Donald Trump's nominee for governor in Pennsylvania compared the Jan. 6 attack to the 1933 Reichstag fire.
There was a man at the U.S. Capitol.
The House has subpoenaed Mastriano. According to receipts his campaign's lawyer acknowledged giving to the committee, he organized buses to D.C. that day.
His primary election victory last month has led to a renewed look at his role on January 6, when he was in the back of a crowd that broke a police barricade.
Increased attention is being given to his comments about January 6.
Mastriano was live-streamed on Facebook as he was interviewed by Ben Stein.
Stein, a former Richard Nixon speech writer who hosted the 1990s gameshow "Win Ben Stein's Money" and played an economics teacher in the 1986 movie "Ferris Bueller's Day Off", called the January 6 attack "a ridiculously trivial thing."
Stein compared the country's current state to the 1933 fire on the Reichstag in Berlin that Hitler blamed on communists. Civil liberties were suspended by the Nazis because of the fire.
Stein said that the Nazis immediately imposed emergency measures. I think this is related to the January 6 non event.
Stein said the riot was a trivial thing.
He said that it was not a rebellion. It wasn't an effort to take over the government. It was a demonstration by a group of people who were frustrated by the impossibility of the vote having gone the Democrats' way.
Mastriano said he agreed with Stein's comparison of the Reichstag fire to the Jan 6 one.
"I agree with the political, with the historic analogy laid out there, so using something that was very suspicious in Berlin to advance their agenda." I see similarities.
Law enforcement had taken "extreme, heavy-handed measures" in response to the attack, according to Mastriano.
"It's heartbreaking to see how quickly our country is falling down, and that we have people being publicly arrested for show to send a message." McCarthy in the '50s looks like an amateur now that we're seeing it.

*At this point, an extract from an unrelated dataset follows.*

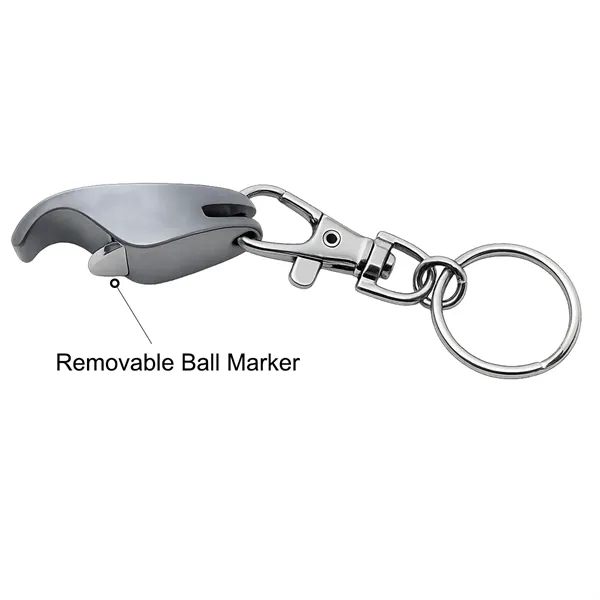 2-in-1 Ball Marker Bottle Opener Keychain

A member of the online sleuths Sedition Hunters, who have spent the past 17 months investigating the Jan. 6 attack and identifying hundreds of rioters to law enforcement, says they have found new photos of Mastriano on the Capitol grounds. The online sleuths have constructed timelines based on the videos, photos, press coverage and social media posts of the day and the window of the Capitol rotunda was smashed by rioters minutes later.
The FBI has used online sleuths to identify Capitol rioters months before their arrest.
NBC News looked at the videos and images used to create the timelines and compared them with the images identified by the sleuths. Mastriano is wearing the same scarf and hat and is in the same spot in the crowd. Mastriano has acknowledged that his wife was with him that day, and in the images he is accompanied by a woman who appears to be his wife. He has always been identified in previous pictures.
The images, shared with NBC News, appear to show Mastriano holding up his cellphone as rioters in the front of the mob face off with police. Reconstructed timelines and other videos show rioters breaching the police line within minutes, ripping away the rope line and rushing past officers up the stairs. The timelines and videos were reviewed by NBC News.
There is a video posted by "Stop the Steal" that appears to show a man taking a photo or video with his cellphone as rioters face off with police on the steps of the U.S. Capitol. The mobbroke through four layers of security at the Capitol building.
Mastriano's campaign didn't reply to NBC News' request for comment He said that he never stepped foot on the Capitol stairs and that he respected all police lines. According to NBC, one of his campaign aides was near the mob. He has insisted that he did not enter the Capitol that day.
The Democratic candidate for governor in Pennsylvania is Josh Shapiro.